10 Ways You Can Reduce Your Water Use
- Turn Off Water When Brushing Your Teeth – Most people take about 2 minutes to brush their teeth; if the tap is left on during that time, it can use up to 8 gallons of water per day! Turn the tap off while brushing and only use it when you need to rinse. If you brush twice every day, you’ll save over 2,800 gallons of water each year!
- Catch Rainwater to Water Plants – While we might not want to drink rain water without filtering it, collected rainwater is great for use in our yards and gardens. Consider using watering cans or a rain barrel to catch water which you can keep to water flower beds, irrigate vegetable gardens, or wash your car!

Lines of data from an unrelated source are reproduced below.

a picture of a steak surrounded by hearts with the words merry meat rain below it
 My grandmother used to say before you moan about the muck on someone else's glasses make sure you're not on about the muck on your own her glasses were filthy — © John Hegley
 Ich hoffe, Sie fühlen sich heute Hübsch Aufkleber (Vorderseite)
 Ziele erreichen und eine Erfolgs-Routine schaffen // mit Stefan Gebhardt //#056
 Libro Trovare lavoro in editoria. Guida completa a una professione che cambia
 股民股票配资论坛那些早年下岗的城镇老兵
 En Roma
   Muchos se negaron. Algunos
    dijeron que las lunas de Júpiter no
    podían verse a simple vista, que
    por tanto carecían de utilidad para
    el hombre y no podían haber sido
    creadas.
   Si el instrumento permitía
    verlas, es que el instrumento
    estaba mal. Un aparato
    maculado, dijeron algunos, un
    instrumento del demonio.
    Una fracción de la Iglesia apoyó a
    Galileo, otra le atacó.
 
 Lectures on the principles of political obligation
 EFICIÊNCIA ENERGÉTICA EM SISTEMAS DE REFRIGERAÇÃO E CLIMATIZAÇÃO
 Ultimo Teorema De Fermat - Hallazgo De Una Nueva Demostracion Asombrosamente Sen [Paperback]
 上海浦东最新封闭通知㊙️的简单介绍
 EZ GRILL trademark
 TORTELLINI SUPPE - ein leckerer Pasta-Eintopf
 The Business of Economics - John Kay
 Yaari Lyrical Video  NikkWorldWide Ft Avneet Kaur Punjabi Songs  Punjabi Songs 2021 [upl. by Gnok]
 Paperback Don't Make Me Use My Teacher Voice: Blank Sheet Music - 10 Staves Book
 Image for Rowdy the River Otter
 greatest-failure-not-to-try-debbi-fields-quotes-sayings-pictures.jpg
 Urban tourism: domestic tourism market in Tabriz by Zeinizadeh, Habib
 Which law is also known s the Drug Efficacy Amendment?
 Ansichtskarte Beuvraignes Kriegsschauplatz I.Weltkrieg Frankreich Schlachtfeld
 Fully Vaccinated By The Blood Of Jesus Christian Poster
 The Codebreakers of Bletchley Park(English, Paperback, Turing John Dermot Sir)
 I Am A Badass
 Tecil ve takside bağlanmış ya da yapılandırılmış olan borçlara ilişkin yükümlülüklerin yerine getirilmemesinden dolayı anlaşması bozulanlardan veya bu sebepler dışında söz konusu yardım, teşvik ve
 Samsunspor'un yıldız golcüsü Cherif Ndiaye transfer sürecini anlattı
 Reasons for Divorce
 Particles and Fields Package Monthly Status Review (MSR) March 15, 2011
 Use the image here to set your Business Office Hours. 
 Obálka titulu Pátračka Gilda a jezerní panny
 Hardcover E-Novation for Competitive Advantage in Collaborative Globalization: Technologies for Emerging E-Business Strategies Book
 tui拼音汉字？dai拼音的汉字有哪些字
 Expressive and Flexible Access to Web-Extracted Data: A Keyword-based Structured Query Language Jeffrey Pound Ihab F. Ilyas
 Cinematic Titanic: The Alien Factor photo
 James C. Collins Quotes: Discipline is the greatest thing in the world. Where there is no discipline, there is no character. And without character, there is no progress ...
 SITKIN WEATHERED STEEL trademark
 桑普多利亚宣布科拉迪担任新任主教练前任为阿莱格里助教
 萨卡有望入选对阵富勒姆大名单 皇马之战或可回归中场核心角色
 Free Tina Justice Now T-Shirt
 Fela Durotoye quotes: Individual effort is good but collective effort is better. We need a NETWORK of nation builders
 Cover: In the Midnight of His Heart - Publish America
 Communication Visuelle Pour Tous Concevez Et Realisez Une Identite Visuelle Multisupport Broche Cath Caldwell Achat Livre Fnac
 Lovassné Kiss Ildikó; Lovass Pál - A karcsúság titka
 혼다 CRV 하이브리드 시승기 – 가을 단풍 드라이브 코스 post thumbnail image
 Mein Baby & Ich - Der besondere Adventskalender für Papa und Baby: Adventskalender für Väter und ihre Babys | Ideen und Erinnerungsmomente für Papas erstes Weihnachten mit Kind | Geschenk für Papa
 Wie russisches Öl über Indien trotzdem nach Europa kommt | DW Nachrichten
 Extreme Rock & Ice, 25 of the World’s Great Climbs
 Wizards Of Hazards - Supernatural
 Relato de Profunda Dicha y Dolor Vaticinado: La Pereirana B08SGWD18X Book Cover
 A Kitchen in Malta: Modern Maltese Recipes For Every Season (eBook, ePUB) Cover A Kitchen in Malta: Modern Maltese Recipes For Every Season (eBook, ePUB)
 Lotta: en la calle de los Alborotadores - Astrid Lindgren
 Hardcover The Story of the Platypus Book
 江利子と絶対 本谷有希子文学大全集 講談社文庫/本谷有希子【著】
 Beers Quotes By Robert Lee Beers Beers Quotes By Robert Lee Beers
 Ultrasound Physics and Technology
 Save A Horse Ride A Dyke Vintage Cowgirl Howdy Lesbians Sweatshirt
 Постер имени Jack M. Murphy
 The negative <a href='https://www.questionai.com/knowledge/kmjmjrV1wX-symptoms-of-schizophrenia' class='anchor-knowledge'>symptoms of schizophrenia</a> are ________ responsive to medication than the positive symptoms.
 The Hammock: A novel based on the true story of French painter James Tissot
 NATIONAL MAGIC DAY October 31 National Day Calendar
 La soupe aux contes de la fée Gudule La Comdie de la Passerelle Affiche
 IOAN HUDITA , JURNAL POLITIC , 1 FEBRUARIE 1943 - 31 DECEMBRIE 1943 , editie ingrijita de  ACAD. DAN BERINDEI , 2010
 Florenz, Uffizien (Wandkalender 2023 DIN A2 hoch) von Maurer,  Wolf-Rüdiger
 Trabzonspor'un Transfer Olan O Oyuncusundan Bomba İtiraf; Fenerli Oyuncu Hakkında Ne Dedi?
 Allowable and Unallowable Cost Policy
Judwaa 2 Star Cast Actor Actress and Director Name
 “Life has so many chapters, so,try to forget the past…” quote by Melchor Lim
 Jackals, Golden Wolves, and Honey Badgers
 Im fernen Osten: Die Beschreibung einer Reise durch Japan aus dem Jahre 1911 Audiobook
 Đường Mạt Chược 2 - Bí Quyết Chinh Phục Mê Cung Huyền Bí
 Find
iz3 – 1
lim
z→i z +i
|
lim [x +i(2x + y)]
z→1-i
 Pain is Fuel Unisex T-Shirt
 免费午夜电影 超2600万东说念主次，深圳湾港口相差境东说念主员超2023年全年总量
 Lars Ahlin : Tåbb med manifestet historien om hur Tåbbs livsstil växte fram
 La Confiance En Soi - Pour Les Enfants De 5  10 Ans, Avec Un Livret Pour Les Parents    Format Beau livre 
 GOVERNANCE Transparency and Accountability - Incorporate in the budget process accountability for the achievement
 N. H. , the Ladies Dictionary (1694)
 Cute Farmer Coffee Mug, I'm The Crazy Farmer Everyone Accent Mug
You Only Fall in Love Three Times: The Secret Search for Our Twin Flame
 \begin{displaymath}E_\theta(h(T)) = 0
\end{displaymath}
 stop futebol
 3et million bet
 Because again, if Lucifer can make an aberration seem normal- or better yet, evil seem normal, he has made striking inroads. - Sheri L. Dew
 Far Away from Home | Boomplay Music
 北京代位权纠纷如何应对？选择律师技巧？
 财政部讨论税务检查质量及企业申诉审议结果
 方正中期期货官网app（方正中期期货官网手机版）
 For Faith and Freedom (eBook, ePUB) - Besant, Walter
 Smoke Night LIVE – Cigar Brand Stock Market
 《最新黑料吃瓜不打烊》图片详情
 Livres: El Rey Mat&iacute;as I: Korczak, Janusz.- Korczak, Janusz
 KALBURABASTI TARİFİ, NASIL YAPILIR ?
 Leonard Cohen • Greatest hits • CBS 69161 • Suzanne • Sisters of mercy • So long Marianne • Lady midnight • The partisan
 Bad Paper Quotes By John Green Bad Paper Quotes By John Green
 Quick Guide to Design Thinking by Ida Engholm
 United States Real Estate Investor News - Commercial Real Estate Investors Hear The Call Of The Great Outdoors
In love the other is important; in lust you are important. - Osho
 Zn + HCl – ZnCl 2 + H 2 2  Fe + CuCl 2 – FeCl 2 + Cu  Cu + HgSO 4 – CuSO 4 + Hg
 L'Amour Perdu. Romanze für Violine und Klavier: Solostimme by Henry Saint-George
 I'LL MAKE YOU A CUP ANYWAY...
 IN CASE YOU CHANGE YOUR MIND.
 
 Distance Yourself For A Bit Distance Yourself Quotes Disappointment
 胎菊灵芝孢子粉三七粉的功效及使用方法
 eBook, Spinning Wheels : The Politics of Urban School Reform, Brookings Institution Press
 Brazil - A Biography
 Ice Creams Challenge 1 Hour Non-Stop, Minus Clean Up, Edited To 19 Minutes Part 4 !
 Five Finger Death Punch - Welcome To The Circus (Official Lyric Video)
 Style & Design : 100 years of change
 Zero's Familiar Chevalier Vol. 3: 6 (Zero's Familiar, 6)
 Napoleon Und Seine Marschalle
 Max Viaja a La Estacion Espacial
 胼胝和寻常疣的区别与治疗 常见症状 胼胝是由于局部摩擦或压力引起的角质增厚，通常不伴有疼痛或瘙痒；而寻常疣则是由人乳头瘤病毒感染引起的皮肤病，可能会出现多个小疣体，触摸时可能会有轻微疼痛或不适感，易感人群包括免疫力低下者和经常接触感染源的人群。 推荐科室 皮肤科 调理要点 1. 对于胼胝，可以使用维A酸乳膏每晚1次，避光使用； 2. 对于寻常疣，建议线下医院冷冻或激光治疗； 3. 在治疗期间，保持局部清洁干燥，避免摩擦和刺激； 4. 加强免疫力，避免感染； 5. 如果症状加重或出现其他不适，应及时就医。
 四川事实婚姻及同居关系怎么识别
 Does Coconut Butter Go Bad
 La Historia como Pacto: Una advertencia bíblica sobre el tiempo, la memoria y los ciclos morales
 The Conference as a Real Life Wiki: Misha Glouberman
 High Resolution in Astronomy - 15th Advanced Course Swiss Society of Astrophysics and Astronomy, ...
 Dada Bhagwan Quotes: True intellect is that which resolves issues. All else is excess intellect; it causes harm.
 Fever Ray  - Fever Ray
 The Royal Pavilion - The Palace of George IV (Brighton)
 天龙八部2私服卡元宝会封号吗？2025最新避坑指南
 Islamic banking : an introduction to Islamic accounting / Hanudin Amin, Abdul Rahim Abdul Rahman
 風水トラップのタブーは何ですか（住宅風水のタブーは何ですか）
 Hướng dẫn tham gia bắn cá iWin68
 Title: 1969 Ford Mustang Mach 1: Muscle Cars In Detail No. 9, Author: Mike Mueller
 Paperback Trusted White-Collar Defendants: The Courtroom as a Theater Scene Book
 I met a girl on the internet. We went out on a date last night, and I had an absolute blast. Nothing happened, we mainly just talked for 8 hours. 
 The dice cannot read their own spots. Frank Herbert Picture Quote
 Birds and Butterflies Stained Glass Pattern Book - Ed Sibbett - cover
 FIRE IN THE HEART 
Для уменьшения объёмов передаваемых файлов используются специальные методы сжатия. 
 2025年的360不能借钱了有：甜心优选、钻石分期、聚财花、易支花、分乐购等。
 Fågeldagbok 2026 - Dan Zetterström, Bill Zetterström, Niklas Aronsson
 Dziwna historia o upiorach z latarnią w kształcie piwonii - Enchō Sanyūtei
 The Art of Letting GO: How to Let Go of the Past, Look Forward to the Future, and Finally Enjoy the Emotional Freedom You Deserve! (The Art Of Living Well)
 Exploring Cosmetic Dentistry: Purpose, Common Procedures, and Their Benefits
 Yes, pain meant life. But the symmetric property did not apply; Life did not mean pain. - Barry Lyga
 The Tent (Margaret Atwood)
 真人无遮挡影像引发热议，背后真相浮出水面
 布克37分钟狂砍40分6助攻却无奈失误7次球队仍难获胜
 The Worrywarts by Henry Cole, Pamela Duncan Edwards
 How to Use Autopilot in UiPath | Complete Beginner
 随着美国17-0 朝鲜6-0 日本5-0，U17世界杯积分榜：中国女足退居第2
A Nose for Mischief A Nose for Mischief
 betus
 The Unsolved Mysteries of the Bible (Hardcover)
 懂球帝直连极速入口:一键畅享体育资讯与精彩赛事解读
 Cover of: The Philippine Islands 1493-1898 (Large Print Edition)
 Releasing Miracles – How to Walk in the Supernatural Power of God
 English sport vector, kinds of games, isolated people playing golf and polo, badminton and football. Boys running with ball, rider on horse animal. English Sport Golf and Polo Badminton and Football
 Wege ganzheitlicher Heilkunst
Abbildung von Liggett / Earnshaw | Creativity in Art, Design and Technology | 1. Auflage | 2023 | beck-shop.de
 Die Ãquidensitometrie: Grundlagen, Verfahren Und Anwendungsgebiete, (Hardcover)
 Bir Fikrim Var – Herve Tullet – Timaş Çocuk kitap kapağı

- Only Run the Washing Machine When Full – Make sure to run the washing machine when it is full, or adjust it to the size of your load of laundry. By running it for the wrong size, extra water is used for the wash and rinse cycles.
- Consider the Time You Water Plants – Try to water early in the day before 10 am or in the after 4 pm but before dusk. This reduces the amount of evaporation which gets more water to your plants.
- Check For and Repair Leaky Faucets – Try to fix all the leaky or dripping faucets in your home. Even though it may not seem like much, a faucet that drips only 5 times in a minute will waste almost 150 gallons of water each year.
- Repurpose Greywater – Capture the cool water that comes out of the faucet while you’re waiting for the water to heat up, or catch the water used to rinse vegetables. That water can be used to water your houseplants or herb garden.
- Take Shorter Showers – The average American shower uses 2 gallons of water per minute. Try to shorten your showers by just a few minutes to see major water savings. Use a kitchen timer to help you stay on track and meet your goal. When possible, try to avoid taking a bath – they typically use 30-50 gallons of water compared to 20 gallons in the average ten minute shower.
- Be Thoughtful of the Dishes You Use – Using fewer dishes means less water being used to wash. Try to plan out the most efficient way to cook and consume your meals to avoid using unnecessary dishes.
- Install Low Flow/High Pressure Fixtures – Making a minor investment in low flow water fixtures can lead to big savings in the long-run. The average American family can save about 16,400 gallons of water and hundreds of dollars on water and electricity bills every year by switching to low-flow options.
- If It’s Yellow, Let It Mellow – Some people may choose to adopt the saying, “If it’s yellow, let it mellow.” This encourages people to consider not flushing in their own homes if it’s not immediately necessary.